# Forum Home Renovation Roofing  Metal Roof Battens - spacing

## watchmework

Hi All, 
Apologies if this has already been answered but did have a search and couldn't locate what I was looking for.   
I'm putting metal roof on deck and thinking of using metal battens such as these from bunnings Peer Industries 22 x 6100mm Cyclonic Ceiling Batten Fccb22/35-61 I/N 1090807 | Bunnings Warehouse.     Anyone know what the spacing would be?  I'm thinking 900mm which seems to be standard.    Additionally, with the timber battens, you could use the pryda cyclone straps; I thinking that this process is eliminated with these metal battens, as I'm going to screw them down on the side of the batten plus,  have the additioanl strenght of the roof being screwed into the roof joists (if this makes sense). :Confused:  
thanks heaps for you feedback.   :Biggrin:

----------


## Tools

They are for ceilings, not rooves.   
Tools

----------


## watchmework

> They are for ceilings, not rooves.   
> Tools

  Hmm, the bloke at bunnings can be used for ceiling or roof??   
roof batten:  6100mm Zinc Roof Batten I/N 1095854 | Bunnings Warehouse  but is zinc.

----------


## phild01

> They are for ceilings, not rooves.   
> Tools

  +1 
rooves, that's an old one :Smilie:

----------


## watchmework

So, does anyone actually know the answers to my questions?? :Rolleyes:   
I don't get the joke by the way :No:  
thanks

----------


## Pulse

Roof spacing depends on sheeting, 900mm is good and makes roof traffic easier.
don't listen to bunnings, ask questions here!
cheers
pulse

----------


## Tools

The problem is you are dealing with Bunnings - that is still a ceiling batten despite what they have called it. 
The spacing of your battens will depend upon the type of roofing that you are using.
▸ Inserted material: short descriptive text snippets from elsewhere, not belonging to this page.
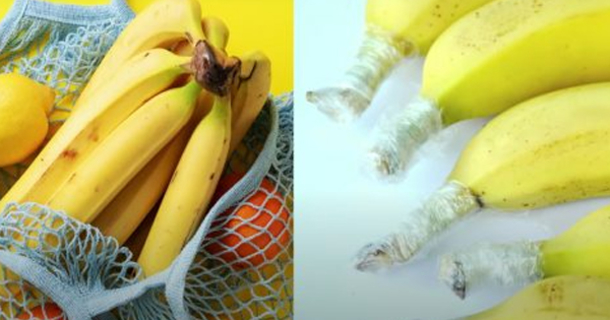 Bananas Going Soft Overnight? This Secret Will Transform Them in Minutes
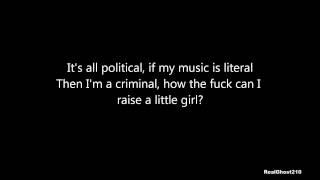 Eminem - Sing for the Moment (with lyrics)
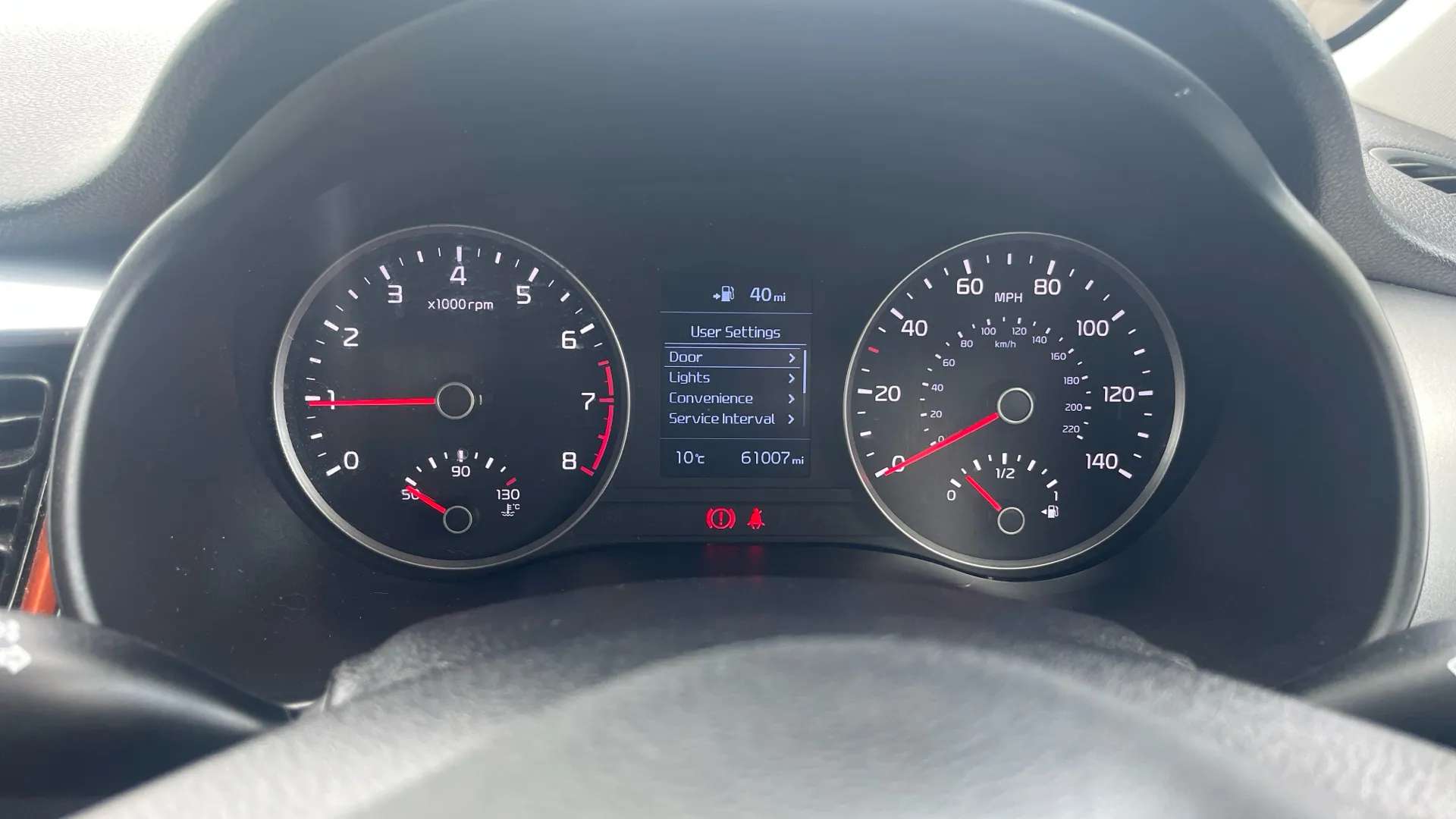 2019 KIA STONIC 2019 KIA STONIC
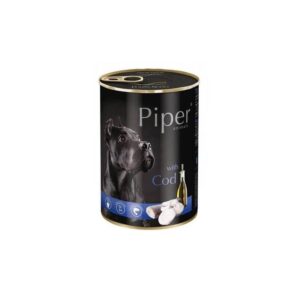 PIPER CON BACALAO Y TOMATE 400GR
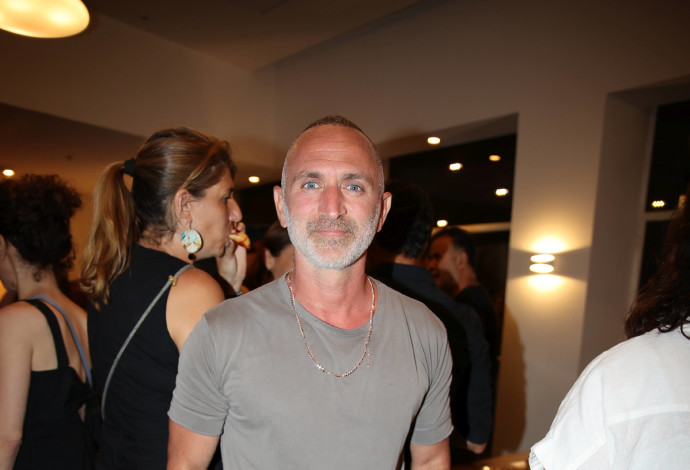 שלום מיכאלשווילי (צילום: אור גפן)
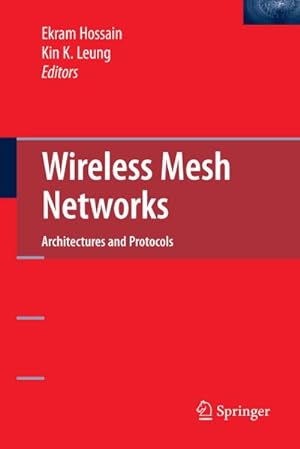Immagine del venditore per Wireless Mesh Networks venduto da BuchWeltWeit Ludwig Meier e.K.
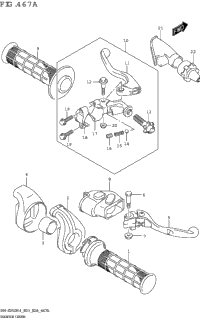 2024 RM-Z250M4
Check the specs on the roof itself.

----------


## Tools

> +1 
> rooves, that's an old one

  I actually thought that as I typed it! Maybe I am showing my age... 
Tools

----------


## phild01

I suppose when you think about it, the battens could be used as a structural reinforcement to a lightweight steel roof by pop-riveting every 100mm, creating a ribbing to the sheet.  But I think not worth doing though.  It's for ceilings,not roofs.

----------


## toooldforthis

> It's for ceilings,not roofs.

  not for rooves either  :Biggrin:

----------


## phild01

> not for rooves either

  yeah,them too :Biggrin:

----------


## watchmework

> The problem is you are dealing with Bunnings - that is still a ceiling batten despite what they have called it. 
> The spacing of your battens will depend upon the type of roofing that you are using. Check the specs on the roof itself.

  
So, I shouldn't be using these steel battens at all??  My roof (skillion for deck) is 5700mm long and 6000 wide with around 3 degree pitch.  I'm using trimdek roof sheeting.   
I was hoping to use metal battens as they're light and easy to install (i think).  Should I just get timber ones??  
I found _metal top hat batten_ on this forum & apparently reccomended:Stramit® Top Hats and Battens | Stramit 
thanks heaps  :Biggrin:

----------


## Pulse

Yep metal top hats are what you need. 1100 mm max end span, 1300mm single span. 
shorter span is better at you can walk on it easier and roof battens are cheap 
cheers
pulse

----------


## watchmework

Thanks for that 
So if I spanning my ceiling joists at 900mm, should I span the battens across them:  at 900mm as well, just to be sure.   
Sorry, I'm a bit thick when it comes to some of the terminology used like _ max end span. _  :Confused:  
thanks for everyone's patience!   :Cool:

----------


## Pulse

Roofs need to withstand greater loads near the edges of the building, so the last span closest to the edge is generally smaller. Best just use 900-1100 depending on what fits best. If your roof is skillion, bedt call the "ceiling joists" rafters then we are all on the same page.  
So if you are *spacing* your *rafters* at 900mm, you can space your roof battens at whatever the roof cladding requires, in this case 900-1100 would be fine. 
cheers
pulse 
sorry about corrections, just trying to help,! Not be pedantic

----------


## watchmework

> Roofs need to withstand greater loads near the edges of the building, so the last span closest to the edge is generally smaller. Best just use 900-1100 depending on what fits best. If your roof is skillion, bedt call the "ceiling joists" rafters then we are all on the same page.  
> So if you are *spacing* your *rafters* at 900mm, you can space your roof battens at whatever the roof cladding requires, in this case 900-1100 would be fine. 
> cheers
> pulse 
> sorry about corrections, just trying to help,! Not be pedantic

  
thankyou so much for your help.  Yes, I don't mind being corrected, considering that's what is needed :Biggrin:  (and yes, rafters is what I should be saying :Rofl5:

----------